Knowing that we’ve all been giving up our most private, personal information to cyberspace for decades, and there is no sign of our collective desire to fight this invasion in our lives meaningfully, are we also going to roll over and let Government gain access, too? Clearview AI, a facial recognition company, claims to have established a database of more than three billion photos and images scraped from social media platforms and other websites. According to Popular Mechanics, hundreds of law enforcement agencies, including the FBI, are already using this technology to create portfolios of the citizens they’re charged with protecting – even though numerous cities have banned the technology, and other states have issued cease-and-desist letters or entertained lawsuits against the company (and this form of technology).
To those who have been paying attention, this is scary.
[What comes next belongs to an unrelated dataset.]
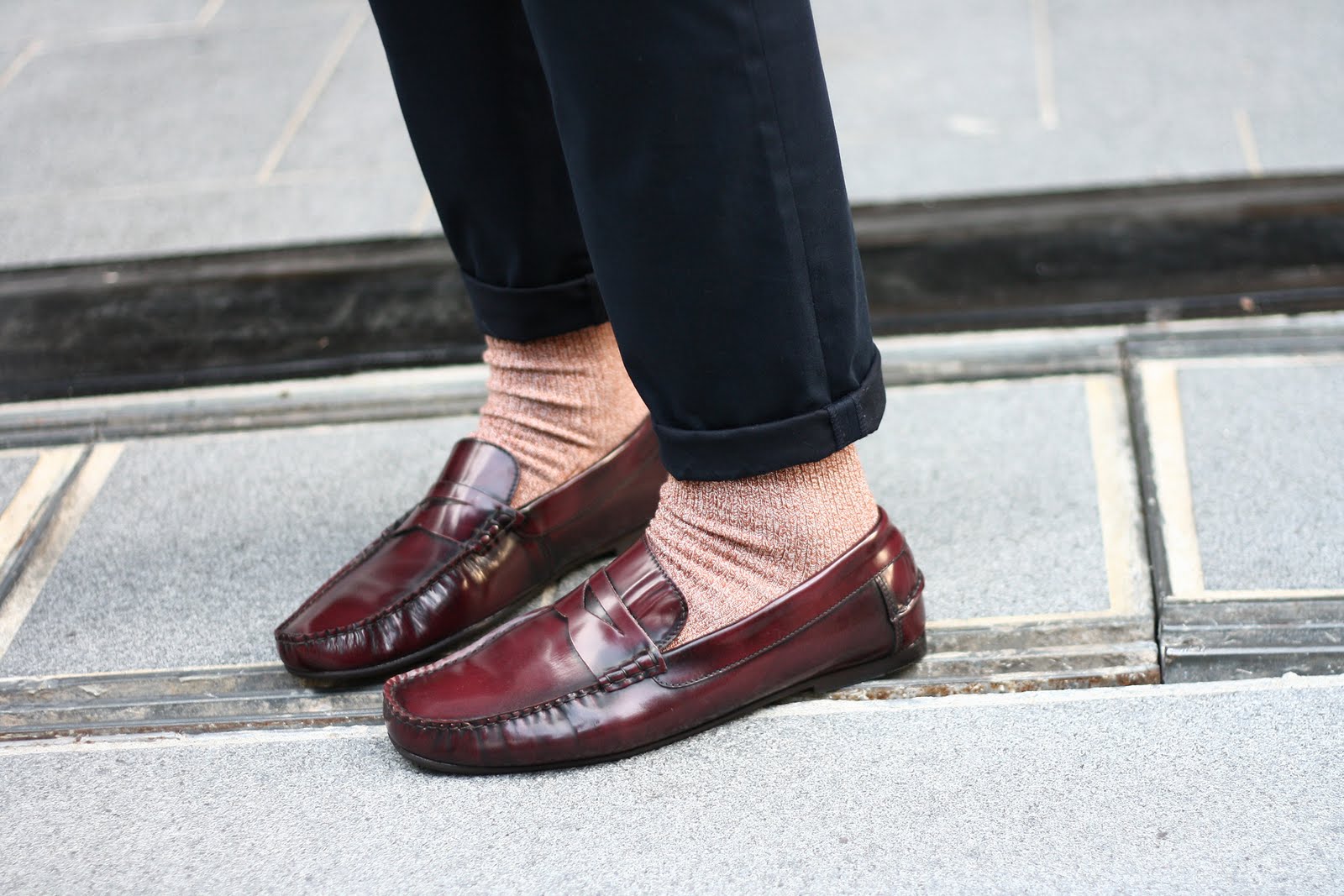socks with loafers 1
Numerous other Nations have already widely adopted facial recognition technology to use against its citizens; China being the number one user, and provider, of this invasive, Orwellian form of social control. China has already contracted with Uganda (police), Mongolia (prisons) and Zimbabwe (airports) to sell these countries the necessary technology to monitor and collect private information of people in their public places. China has gone so far as to use the technology to create “social credit scores” that can prevent its citizens from maintaining certain otherwise taken-for-granted rights, like getting a loan or taking a flight, if you trespass against social norms instilled by Big Brother. Simple acts like quarreling with neighbors or jaywalking could have significant penalties that might lead to social ostracization, and possibly eventually, worse.
The sad truth is, even in the United States, we all see ourselves as powerless to the imposition of Government and Big Business; most of us are aloof. We are content to waste away our time, ever pleasured by the wonder of technology and the easiness it brings our lives. Time has always been a fascinating concept for me, and I’m often troubled by how frequently people choose to waste theirs. While some do go out into the community to volunteer, or perhaps learn a skill or hobby that will enhance their quality of life, most simply choose to plunk down in front of the TV and stare blankly at the idiot box while it spews out endless garbage and alternative facts, or sift through their endless, and pointless, social media threads. If it’s true that time is money, then what the masses choose to spend theirs on is the equivalent of sugary drinks with no nutritional value.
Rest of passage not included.